## Task statement
Using the entries that follow, transcribe only the lines from the line with "Designed to make" to the line with "Your second bedroom", both included, exactly as they stand and without pictures.

## Dataset content
※
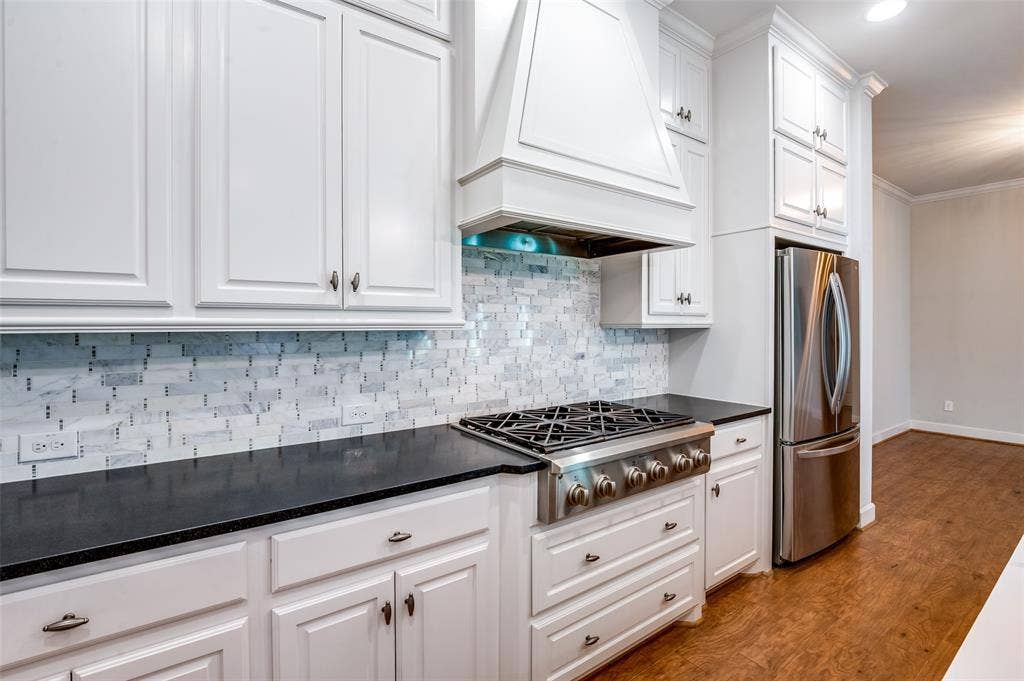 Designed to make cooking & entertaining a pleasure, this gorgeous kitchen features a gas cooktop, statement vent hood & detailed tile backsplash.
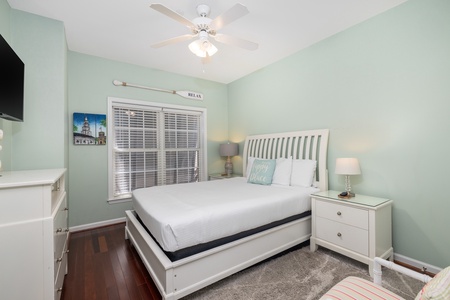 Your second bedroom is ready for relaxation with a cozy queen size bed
※
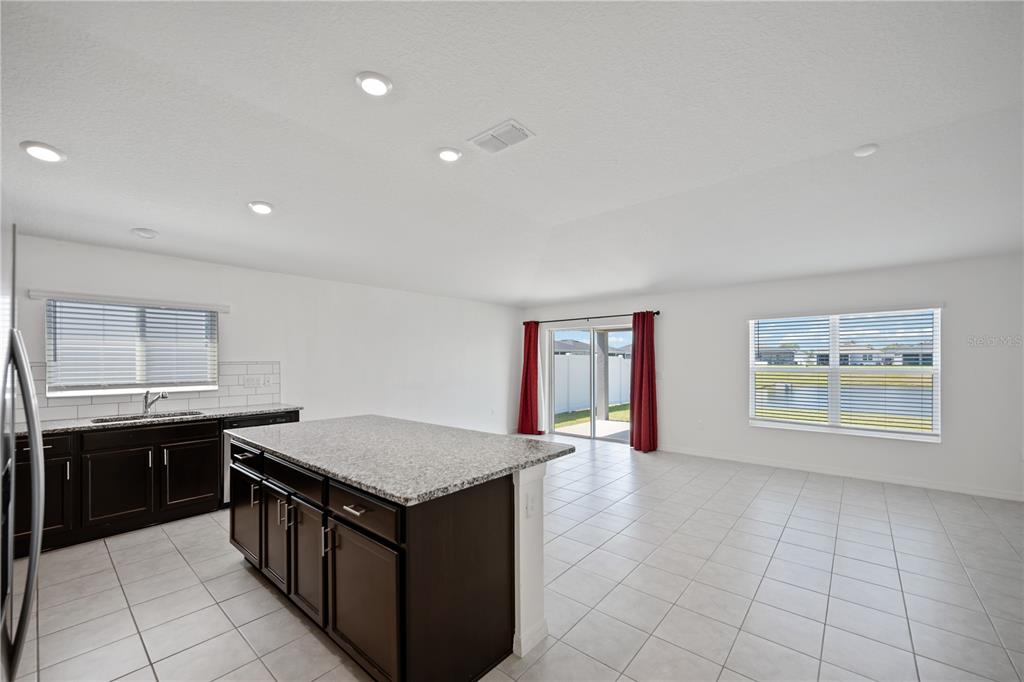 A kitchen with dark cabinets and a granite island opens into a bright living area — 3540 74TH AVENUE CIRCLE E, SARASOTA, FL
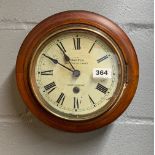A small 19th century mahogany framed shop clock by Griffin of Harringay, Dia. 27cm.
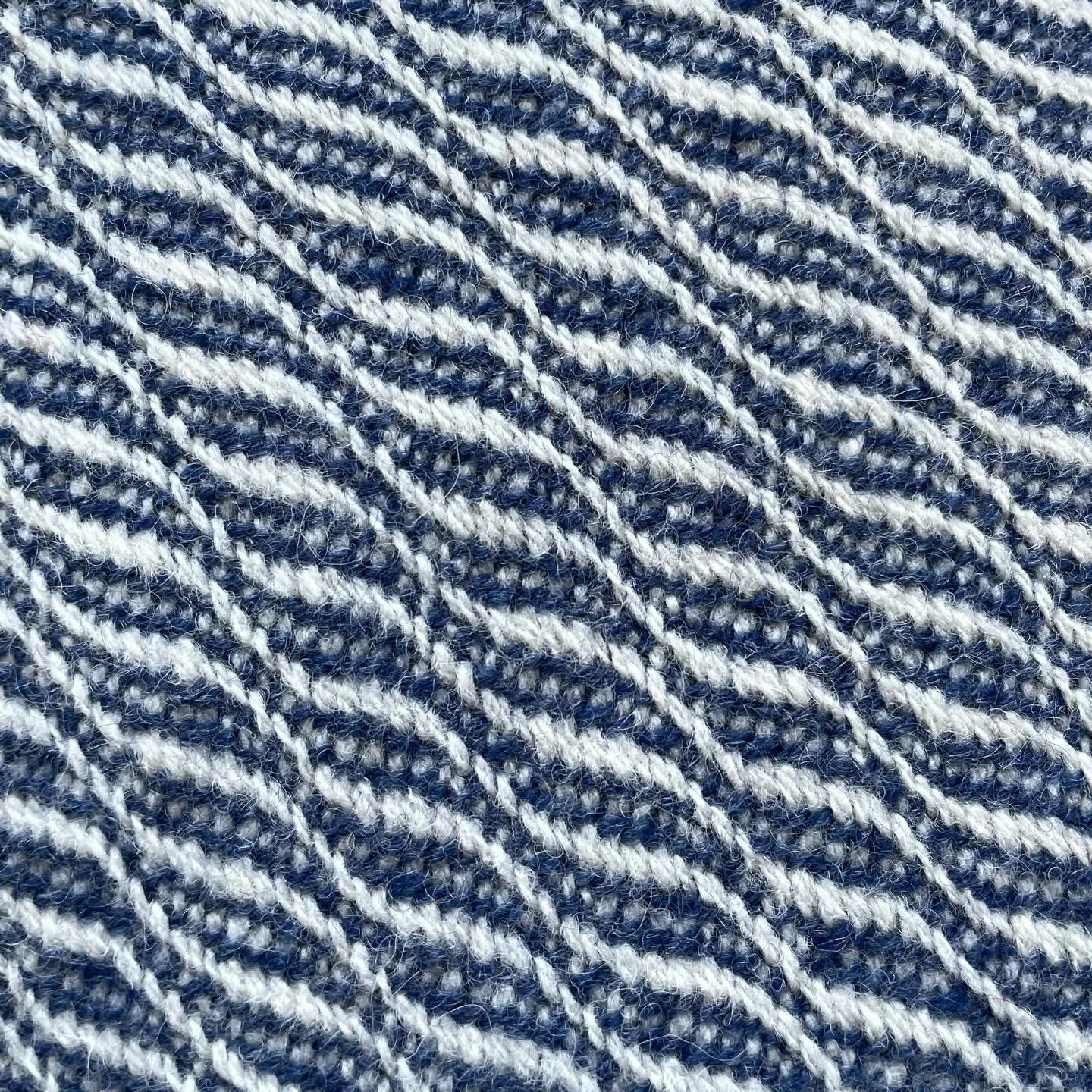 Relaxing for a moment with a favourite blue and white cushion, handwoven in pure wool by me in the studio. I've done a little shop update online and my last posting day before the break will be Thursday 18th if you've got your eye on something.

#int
※
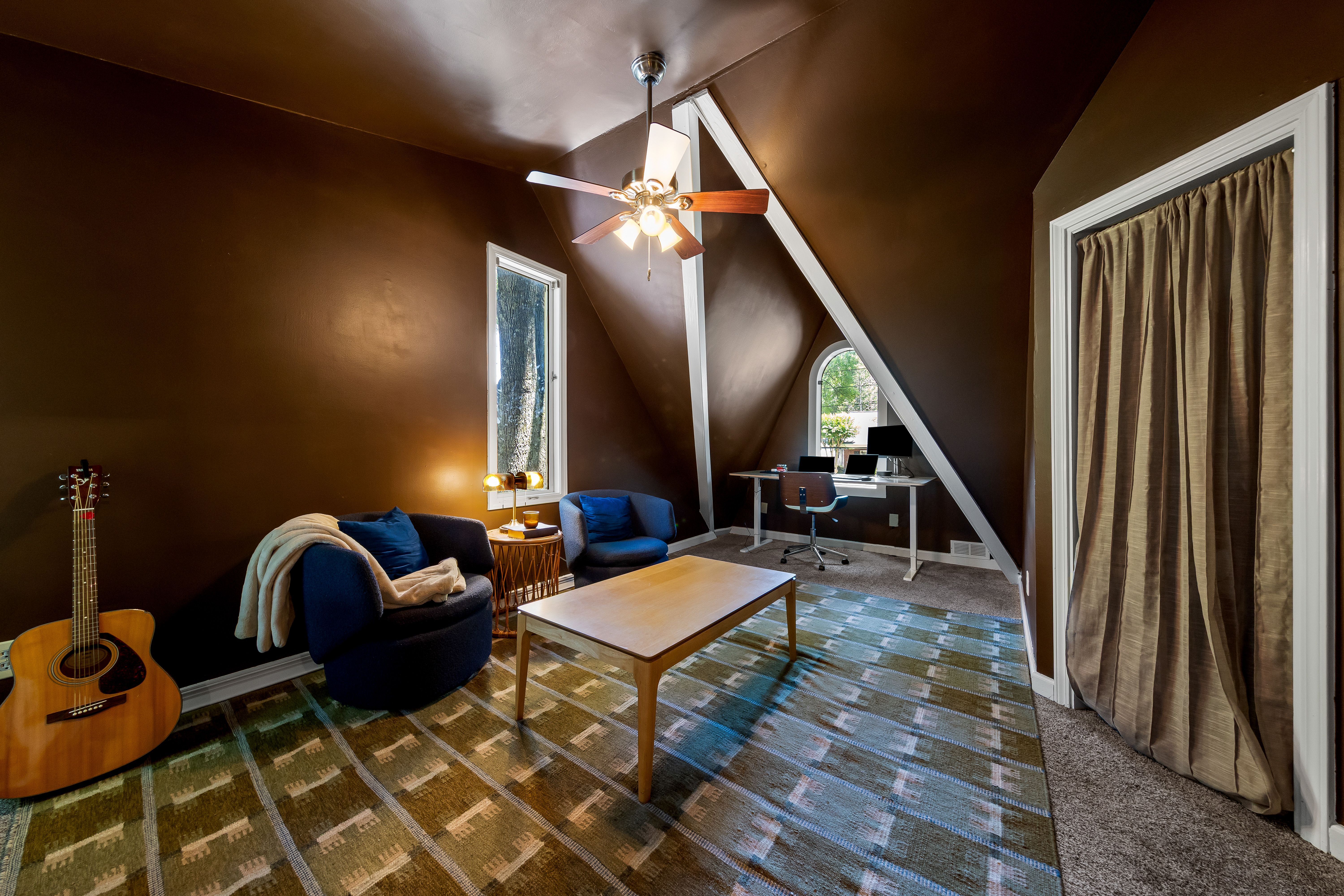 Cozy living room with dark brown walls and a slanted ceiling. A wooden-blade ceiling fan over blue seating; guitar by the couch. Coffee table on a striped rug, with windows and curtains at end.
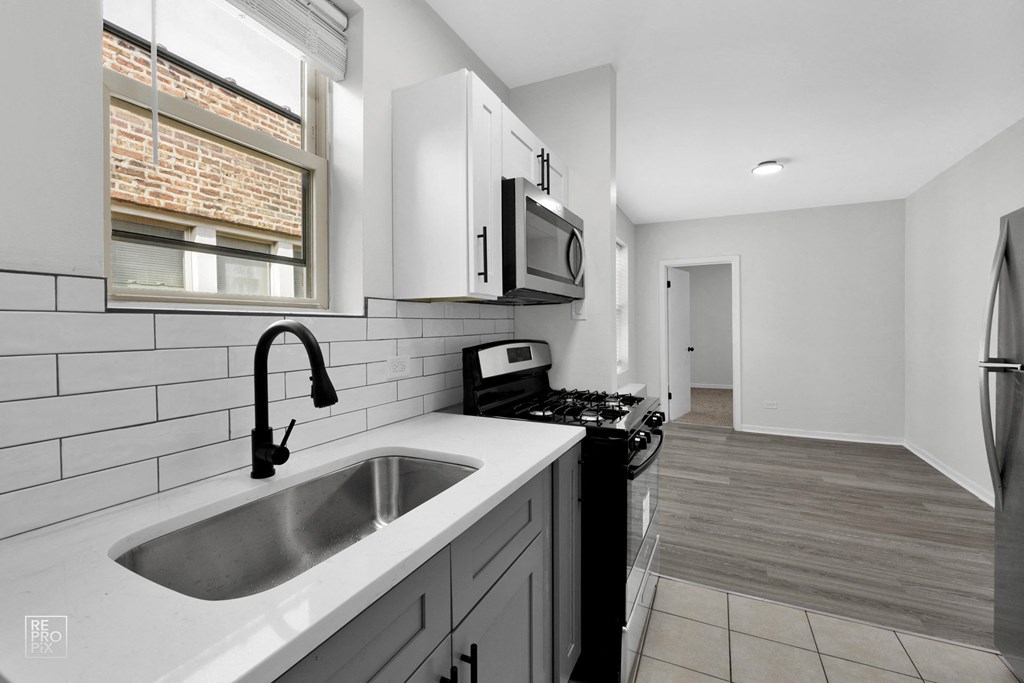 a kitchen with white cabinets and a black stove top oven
※
## Answer
 Designed to make cooking & entertaining a pleasure, this gorgeous kitchen features a gas cooktop, statement vent hood & detailed tile backsplash.
 Your second bedroom is ready for relaxation with a cozy queen size bed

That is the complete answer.